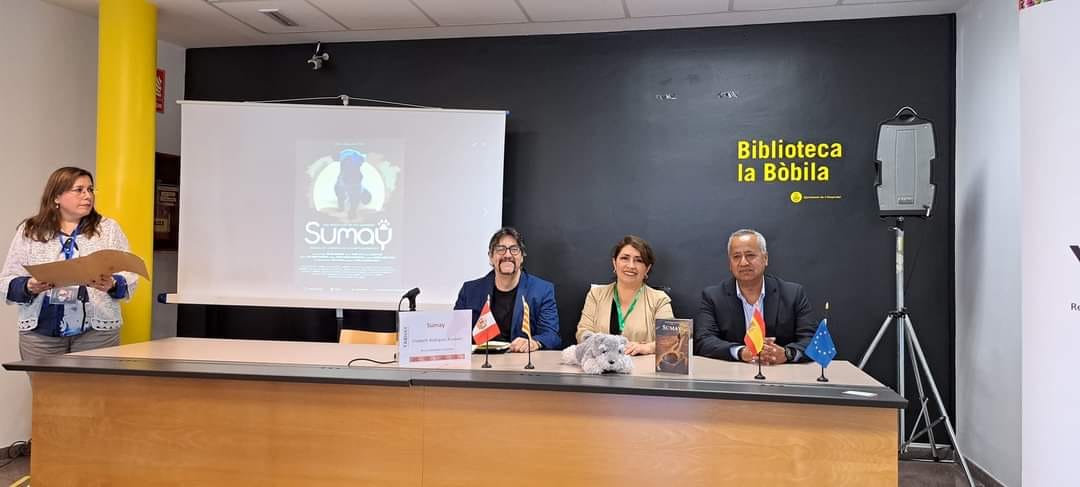 ElizabethMQDH's tweet photo. Presentación de mi última novela #Sumay
#BibliotecaLaBòbila
#LiteraturaPeruana https://t.co/xIpQmWY6lu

● ASSIGNMENT:
Copy all the lines of data exactly as they appear, dropping any images.

● ANSWER SPACE:
 ElizabethMQDH's tweet photo. Presentación de mi última novela #Sumay
#BibliotecaLaBòbila
#LiteraturaPeruana https://t.co/xIpQmWY6lu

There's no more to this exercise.